The method may comprise determining a risk associated with a planned making or breaking of a drill string connection. The method may comprise categorising a planned making or breaking of drill string connection as being safe or unsafe, recommended or not recommended, or other such risk categorisations that may be incorporated into the method.

The method may comprise determining a risk associated with deactivation of a heave compensation system. The method may comprise categorising a planned deactivation of a heave compensation system as being safe or unsafe, recommended or not recommended, or other such risk categorisations that may be incorporated into the method.

The method may comprise using the calculated wellbore pressure to determine a maximum recommended rig heave value at which making or breaking a drill pipe connection has an acceptable risk, for example by not leading to breaching of the well pressure margins for different parts of the well.

Embodiments of the second aspect of the invention may include one or more features of the first aspect of the invention or its embodiments, or vice versa.

According to a third aspect of the invention, there is provided a method of performing a drilling operation from a floating offshore structure in a subsea well, the method comprising: providing heave motion data for the floating offshore structure to a processing module; running a drilling simulation model on the processing module; calculating a wellbore pressure using the drilling simulation model, wherein the calculation of wellbore pressure uses the heave motion data to calculate the effect of heave motion on the drilling operation; comparing the calculated wellbore pressure with at least one pressure margin for the subsea well to determine a risk associated with deactivation of a heave compensation system for an upcoming phase of the drilling operation; outputting information relating to the risk from the processing module.

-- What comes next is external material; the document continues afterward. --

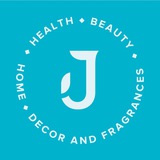 JERELIA PRODUCTION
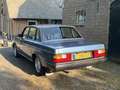 Volvo 244 2.0 Turbo Blau - thumbnail 7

The risk information may include a risk level, which may comprise for example a zero risk, a low risk, a medium risk, or a high risk. It will be appreciated that a greater or lesser number of risk levels may be used within the method. The method may comprise categorising the drilling operation or a phase or the drilling operation as being safe or unsafe, recommended or not recommended, or other such risk categorisations that may be incorporated into the method.

The method may comprise activating an alarm signal to an operator if the risk level does not comply with an acceptable risk profile for the drilling operation or a phase of the drilling operation.

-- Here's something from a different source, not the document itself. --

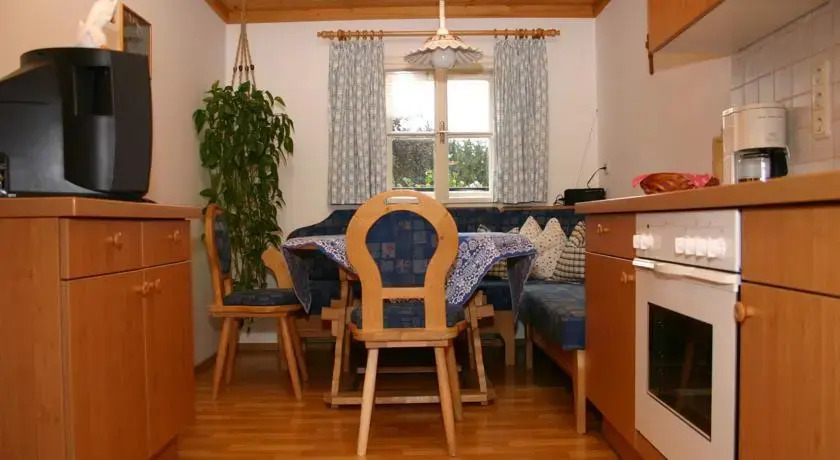 Stefflhof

The method may comprise controlling the drilling operation or a phase or the drilling operation using the control system if the risk level does not comply with an acceptable risk profile for the drilling operation or a phase of the drilling operation. The method may comprise controlling one or more parameters of the drilling operation or a phase or the drilling operation using the control system; inhibiting the drilling operation or a phase of the operation; or preventing continuation or commencement of the drilling operation or a phase of the drilling operation.

Preferably the heave motion data is calculated from input data relating to one or more weather conditions and/or sea state conditions. The input data may comprise forecast data relating to weather conditions and/or sea state conditions. The input data may comprise wave height data and/or wave period data, which may be forecast wave height data and/or forecast wave period data. The method may comprise updating heave motion data and running the drilling operation simulation with the updated heave motion data to calculate a wellbore pressure. The heave motion data may be updated by calculating from updated input data relating to one or more weather conditions and/or sea state conditions. The updated input data may comprise updated forecast data relating to weather conditions and/or sea state conditions. The input data may comprise wave height data and/or wave period data, which may be forecast wave height data and/or forecast wave period data.

Thus the well operation simulation model, and/or the heave motion data, may be updated according to the latest input data available to a user of the system, including scheduled, planned, desired or necessary changes to drilling operation parameters, and/or updated input data relating to one or more weather conditions and/or sea state conditions (such as updated forecasts of wave height data and/or wave period data).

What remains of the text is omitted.